What else did you add to the kit? I did a beermakers Ginger Beer a while ago with 1kg of brown sugar and it did all the right stuff but just did not carb. up. Still don't know what happend. If this is good i may put one down for the Mrs.


----------



## Rod

I normally use the Beermakers Ginger beer mixture 
then bulk prime with 250 ml of Buderim refresher cordial plus 150 grams dextrose ( less than normal to take into account the sugar in the cordial ) The presevative in the syrup has no affect. I also put in a plug of raw ginger about the size of the top joint of your little finger .
Have been doing this for a couple of years , cannot keep enough stock .
I have a Morgans ready to bottle on Sunday and plain to add 250 ml Buderim syrup , 130 gm dextrose ( because the mix is only 20 litres ) and the plug of ginger
See how it goes

Rod


----------



## Booga

Oh very good, I tried a ginger beer a few years ago and it was bloody nice. Is it just the same process as beer?? Any other info that you guys could share on this would be fantastic. Tricks of the trade, things to look for and what not. I would like to give one a go but am still getting the hang of beer at present.

Booga.


----------



## metters

Booga,
I havn't tried GI's brew yet and Rod 's got me buggered with his plug of ginger (where /when did you put it into brew) but beermakers by itself smelt real bad but tasted OK for the first few weeks but then came good . I would give it a month in the bottle at least before opening, even then still smells off-the longer the better but a nice GB, if you like it stronger shake before opening.
The last GB I've made was a Snow's Special (Grumpys Homepage search "Snows") but I found it to be very strong in flavour and bitter initially although it is mellowing out somewhat, now 3 months in the bottle.
I made it mainly for SWMBO and she wont drink the B stuff although I'm getting to like as it mellows.
cheers nm


----------



## jgriffin

I just cracked a morgans GB after two weeks, and while the taste is nice, i found it tasted a bit watery. I'll give it another go in two weeks.
This talk of Buderim cordial has me interested... is this something you get from the HB shop or woolies?


----------



## kman

quick question, does anyone here keg their ginger beers?


----------



## Rod

Well I knew what I meant

The plug of ginger goes in each 700 ml bottle 

The Buderim Ginger refresher cordial you get from the supermarket .
I got mine from Franklins

Rod


----------



## Hoops

Kman

I have kegged GB in the past and it was bloody great.

Hoops


----------



## Linz

Noticed at BigW the other day....Coopers Ginger beer kit. Have they just decided to put this into supermarkets or is it a new product?
Also spied Tooheys Dark Ale and Real Ale kits Along with Coopers Sparkling Ale kit, label the same as the bottled product from the bottlo.


----------



## kman

might have to go and get a ginger beer kit, and do up a batch for when my kegging system is ready. So any tips on how to do it? just follow the kit instructions? or should i add some other stuff? and what yeast and temps to brew with?

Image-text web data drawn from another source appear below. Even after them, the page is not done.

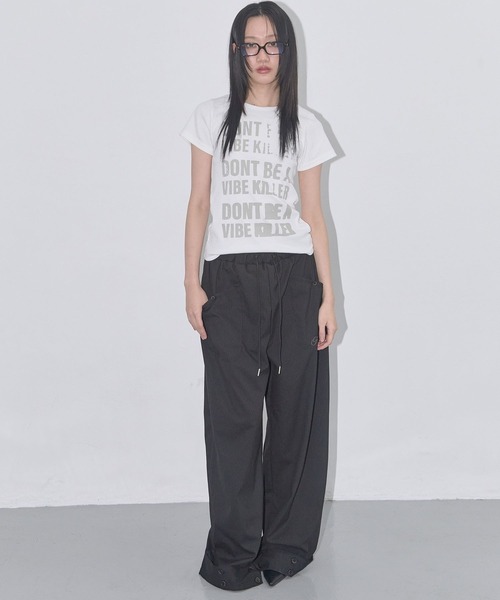 FANCY CLUB（ファンシークラブ）の「FANCY CLUB／クラシックボタンスラックス（スラックス・レディース・ブラック/チャコールグレー・FREE）」の12枚目の写真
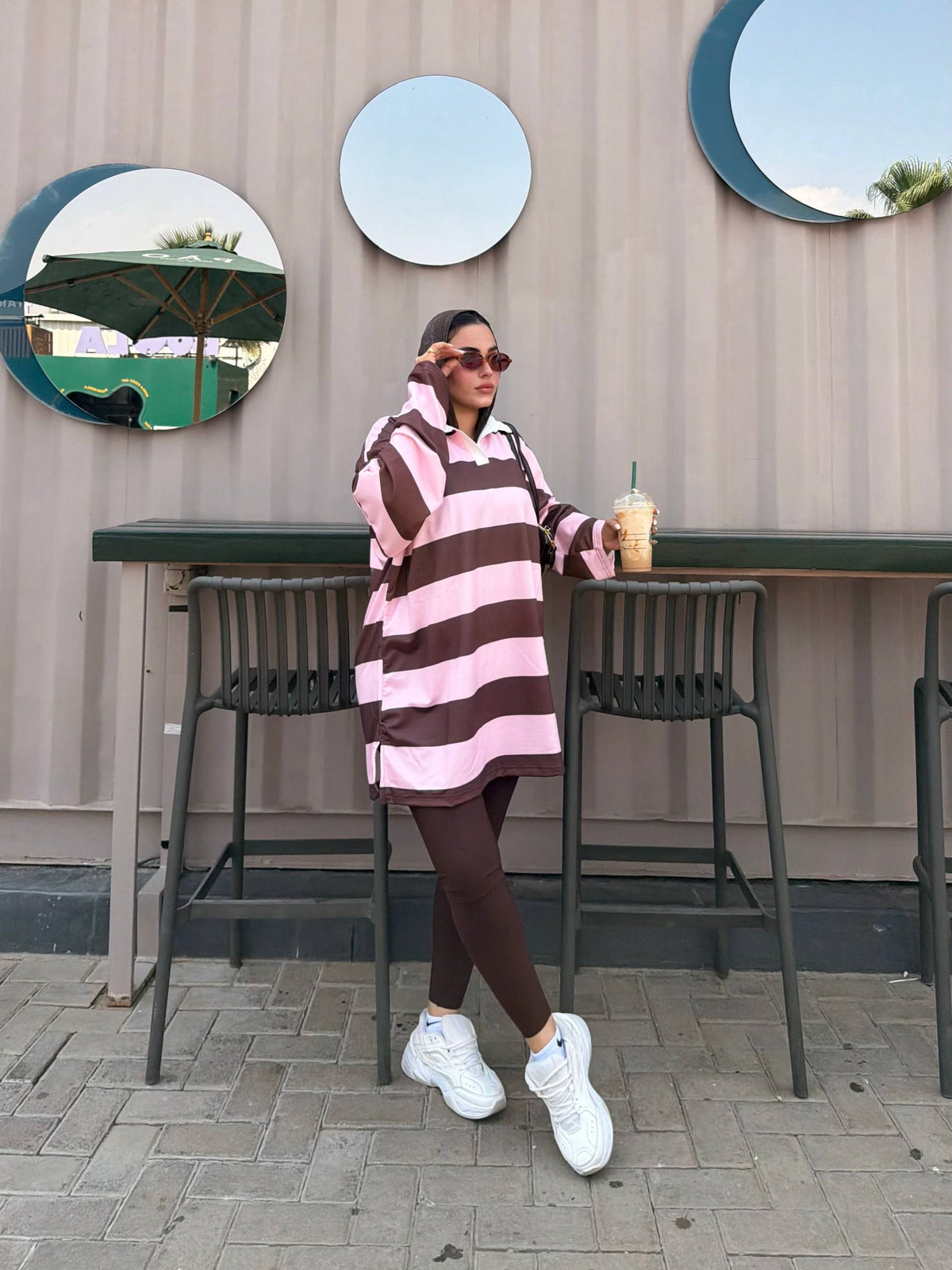 Chocolate & Pink | Blush Rugby Oversized Top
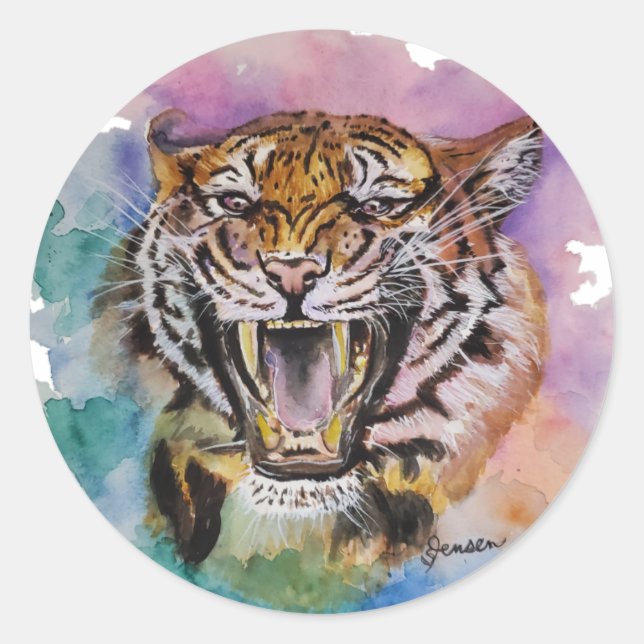 Colourful Watercolor Tiger Sticker (Front)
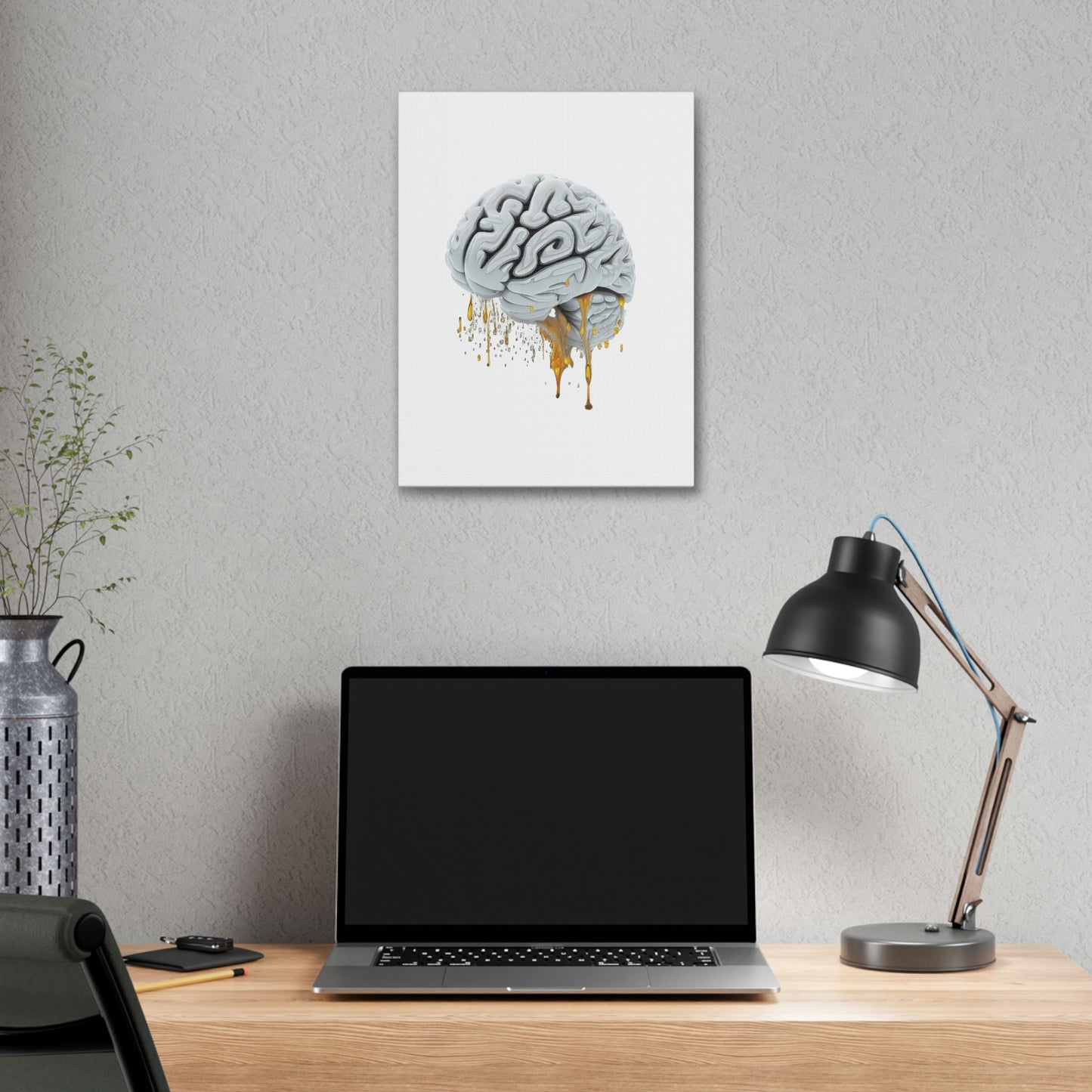 Digital Drip Brain, ꓥVꓥ Generated - Polyester Canvas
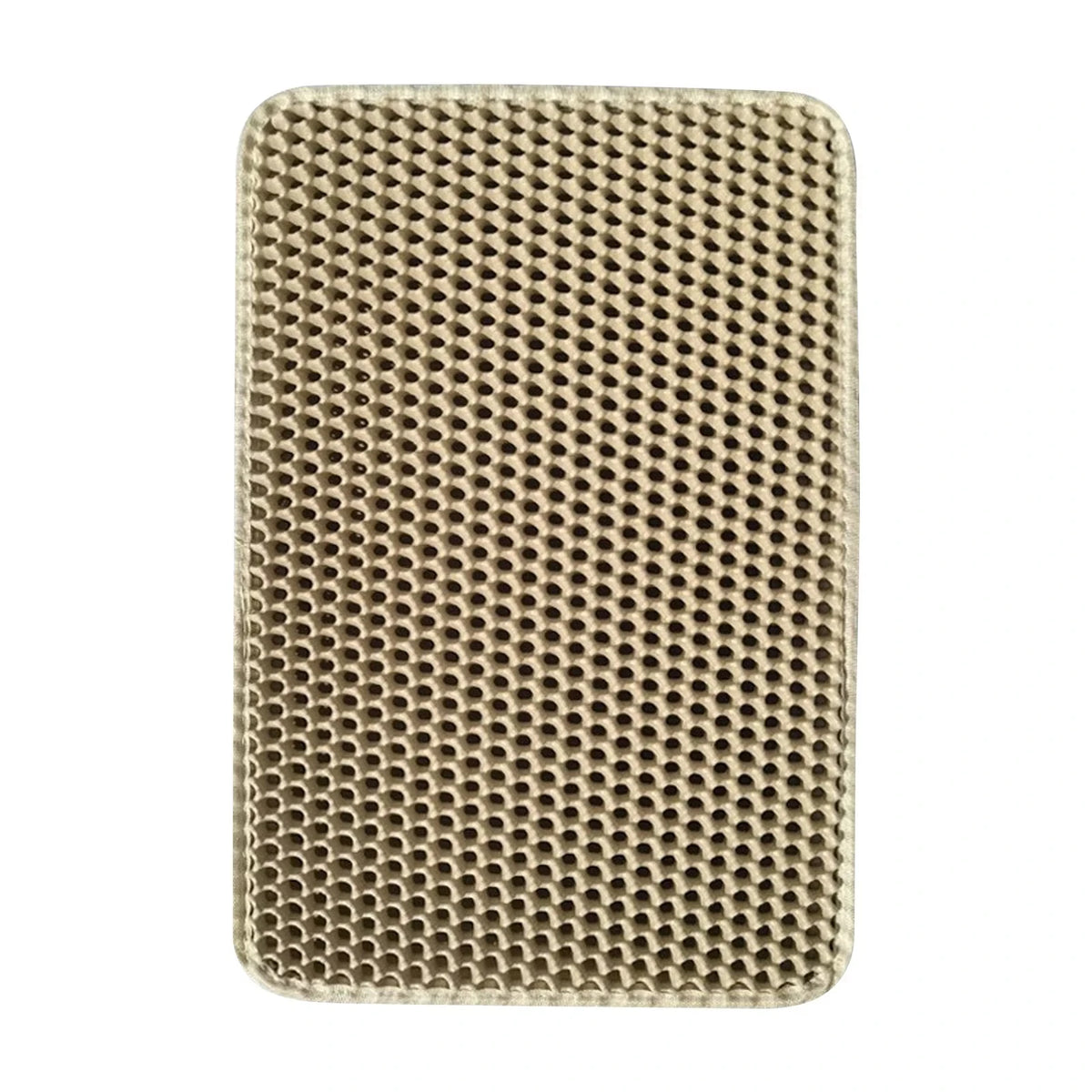 Un tapis de litière imperméable beige carré avec un motif alvéolé texturé.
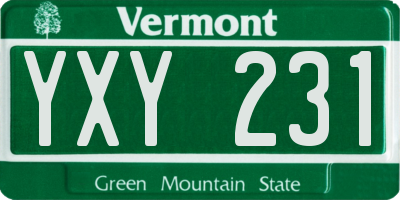 VT license plate YXY231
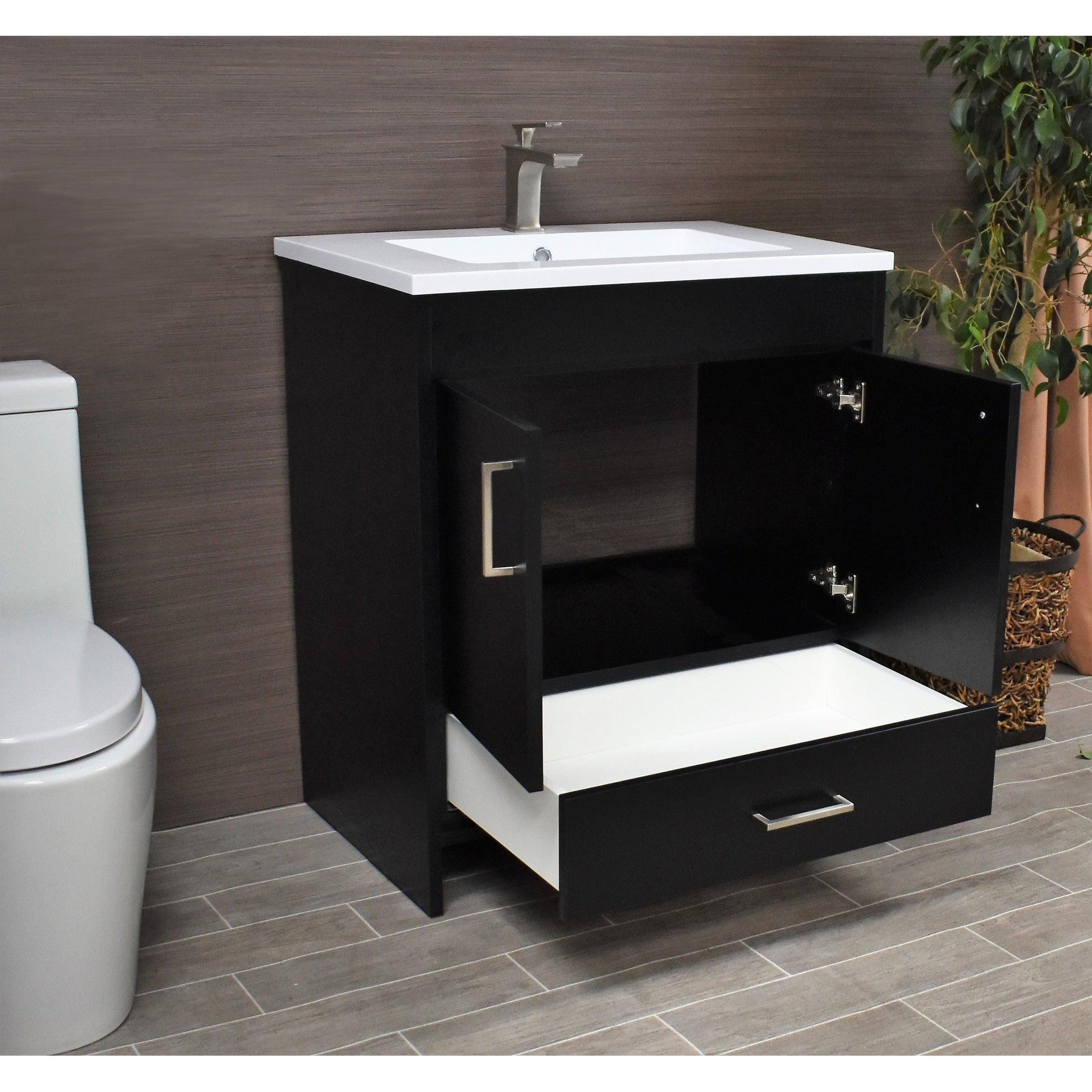 Volpa USA Rio 30" Black Freestanding Modern Bathroom Vanity With Integrated Acrylic Top and Brushed Nickel Handles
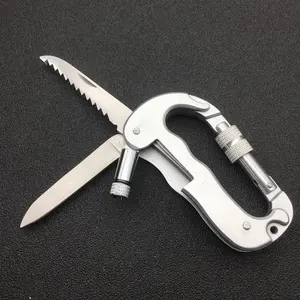 Pocket Folding Security Self Defense Weapons Knife Carabiner LED Light Hanging Buckle EDC LED Tool armas de defensa personal Pocket Folding Security Self Defense Weapons Knife Carabiner LED Light Hanging Buckle EDC LED Tool armas de defensa personal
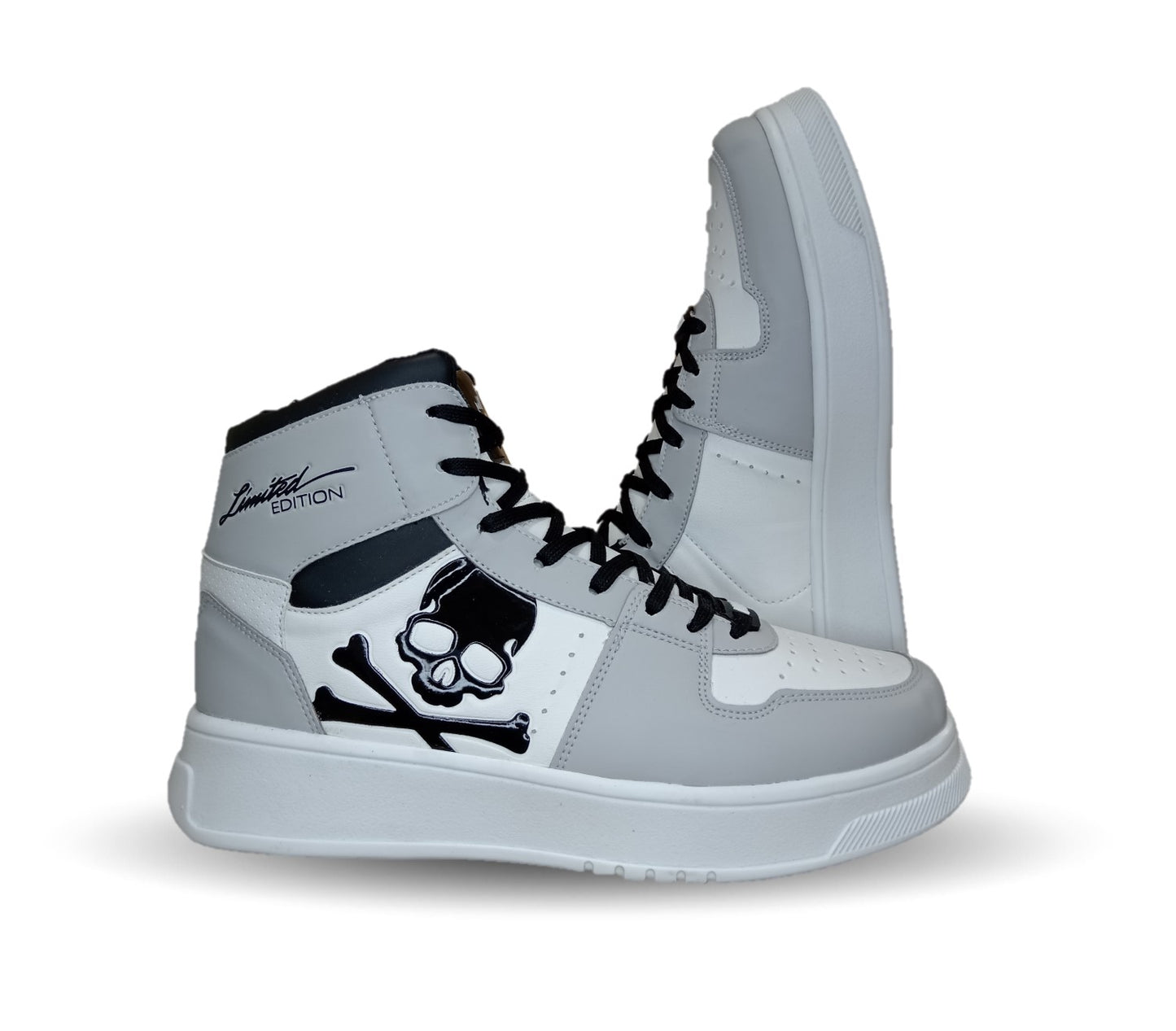 Tenis Urbano tipo Bota Walquir 100 Blanco/Gris para hombre
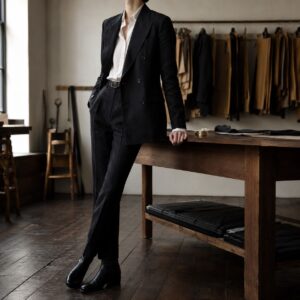 Cotswold double-breasted suit jacket — Suit Jackets by CROWN TAILORING. worn by a model.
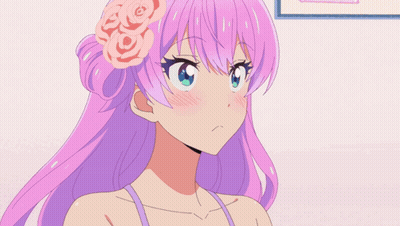 A Pink Haired Anime Girl With A Flower In Her Hair GIF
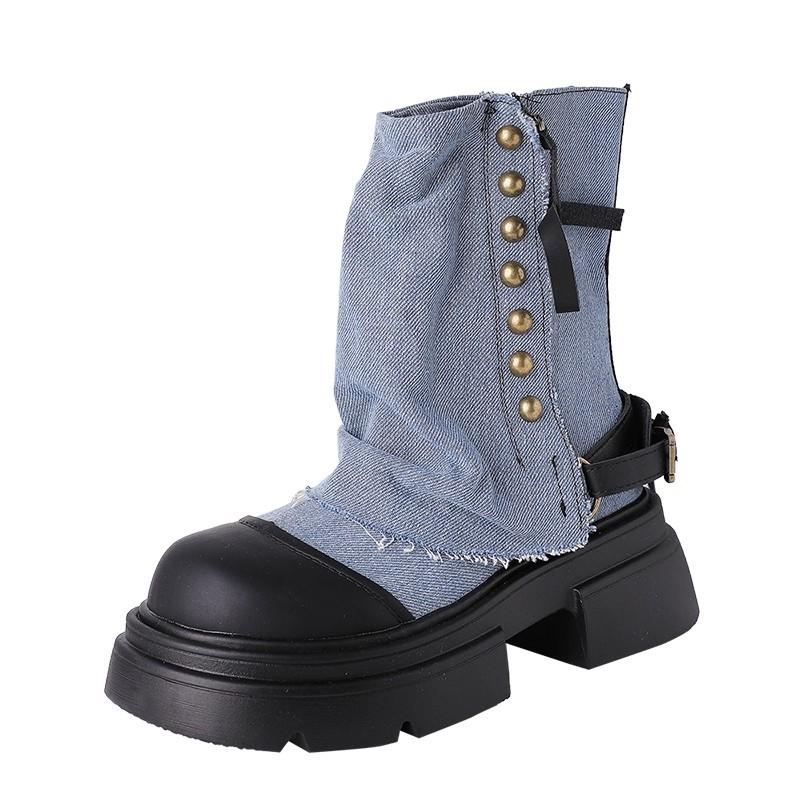 Женские ботинки Мартин на платформе в британском стиле, осенне-зимние, комбинированные ковбойские ботинки, нишевые, с юбкой, на толстом каблуке, короткие ботинки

sorry about all the questions


----------



## wedge

I tried the Grumpys rage when it first came out. 

At first it was very dry and gingery. Nothing a bit of lactose wont fix. But after say two weeks in secondary it was beaut! 

Great. However i did notice as it go older it lost its Ginger-ness


----------



## Mudrat

kman said:


> quick question, does anyone here keg their ginger beers?


Yeah mine get keged and put in the fridge they turn out great I add 1kg of raw sugar into the brew and stir it through keg it and let the keg sit for a few days before putting in the fridge helps to sweeten the brew a bit.


----------



## Mudrat

I just put down 2 of the Morgan’s last week only due to Australia Day being next week and I wanted enough brew to last the day I normally make my own from scratch. So first lot I put down I put 2 kilo of Dex and the second one I used 3kg of raw sugar and 3 full lemons halved then squeezed. Will let you know how they both go


----------